Native Species
(Michigan State University Press, 2019)
In his sixth book of poetry, Todd Davis, who Harvard Review declares is “unflinchingly candid and enduringly compassionate,” confesses that “it’s hard to hide my love for the pleasures of the earth.” In poems both achingly real and stunningly new, he ushers the reader into a consideration of the green world and our uncertain place in it. As he writes in “Dead Letter to James Wright,” “You said / you’d wasted your life. / I’m still not sure / what species I am,” and, to that end, Native Species explores what happens to us—to all of us, bear, deer, mink, trout, moose, girl, boy, woman, man—when we die, and what happens to the soul as it faces extinction—if it “migrates into the lives of other creatures, becomes a fox or frog, an ant in a colony serving a queen, a red salamander entering a pond before it freezes.” He wonders, too, “How many new beginnings are we granted?” It’s a beautiful question, and it freights, simultaneously, possibility and pain. These are the poems of a poet maturing into a new level of thinking, full of tenderness and love for the home that carries us all.
Praise for Native Species
Todd Davis’s beautiful new book looks with patience and ardor and, often, heartbreak, at his beloved landscapes—both literal and figurative—and the ways those landscapes change, always change. Whether it’s the land being ruined, the aging or dying of family and friends, or his own body turning and turning toward what it does, Davis holds his gaze steadily upon it all, gently upon it all, which makes for some mourning, but also plenty of magic. A good deal of sorrow, but even more wonder. Even more wonder. Look closely, this book reminds me. Look closer still.

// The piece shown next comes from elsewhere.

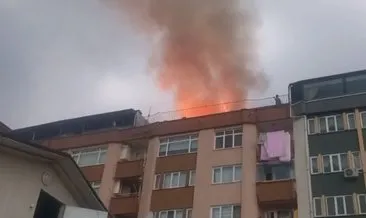 Samsun'da korkutan yangın: 9 katlı binanın çatısını alevler sardı! #samsun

—Ross Gay, winner of the National Book Critics Circle Award and the Kingsley Tufts Poetry Award and author of Catalog of Unabashed Gratitude
The poems in this extraordinary collection ruffle and rasp from “the spiraled song of a hermit thrush, like a hand that pushes against the solid door of a veiled world.” Davis’s command and keen survey of the outdoors is at once majestically extensive, and disarmingly precise and compassionate. And yet—these nature poems do what most cannot: that in spite of fanciful moments where one can “[wake] to a hummingbird beating its wings against the roof of my mouth,” they also serve as a much-needed guidepost and catalyst for wanting to create even more songs of this complicated earth.